The Cupertino, California-based tech giant said proceeds from the green bond sales will be used to finance renewable energy, energy storage and energy efficiency projects, green buildings and resource conservation efforts.
“This will allow investors to show they will put their money where their hearts and concerns are,” Lisa Jackson, Apple’s vice president of environment, policy and social initiatives, told Reuters.
Although green bonds comprise a small fraction of the overall bond market, demand is expected to grow as investors seek lower-carbon investments.
Moody’s Investor Services said earlier this month it expects to see the issuance of green bonds rise to over $50 billion this year, following a record $42.4 billion issuance in 2015 due to the global climate change agreement reached in Paris in December.
Jackson said the Paris agreement prompted Apple to launch the green bond since hundreds of companies pledged to green their investments at the U.N. climate summit.
Some investors have said the green bond market has been hamstrung by a lack of commonly agreed standards on what constitutes a green bond and transparency about how proceeds from sales are used.
The definition of a green bond varies greatly. Socially conscious mutual funds, insurers and other likely buyers use different voluntary guidelines for investing in green bonds.
Apple will use the Green Bond Principles established by a group of financial institutions including BlackRock Inc and JPMorgan Chase & Co.
Consultancy Sustainalytics has reviewed Apple’s green bond framework to make sure it meets those standards. Accountancy Ernst & Young will do an annual audit of how the green bond proceeds are used.

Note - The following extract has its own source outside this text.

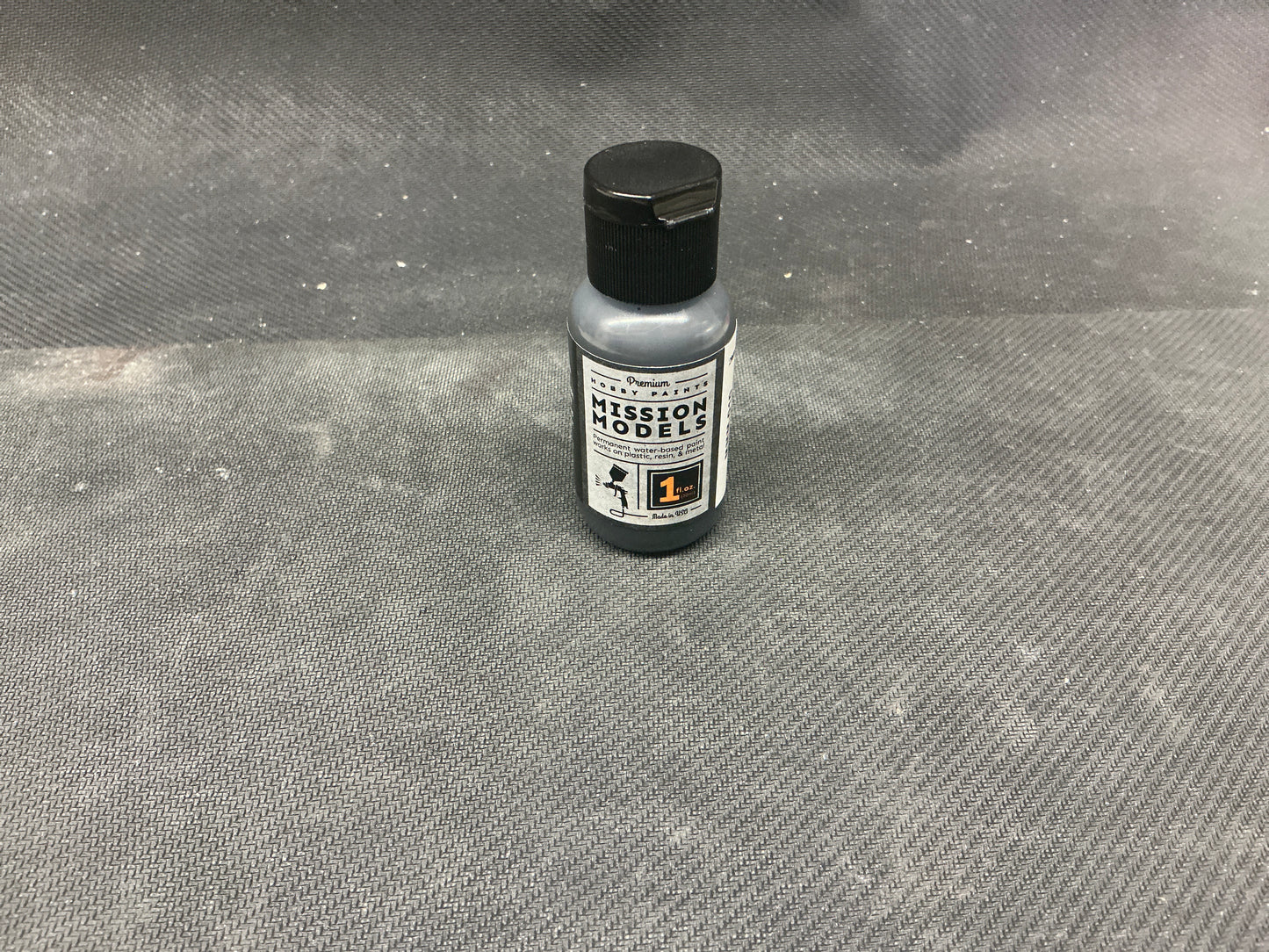 MISSION MODELS  GUN METAL ACRYLIC PAINT 1 oz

Apple is expected to spend the majority of proceeds within two years of the issuance of the bonds.
Apple has taken steps to reduce its carbon footprint in its home state of California and at facilities across the globe and is pushing its suppliers to switch to renewable energy.
In October, the company announced steps to green its operations in China by bringing on over 200 megawatts of renewable energy and working with its suppliers, including Foxconn, to switch to cleaner energy sources.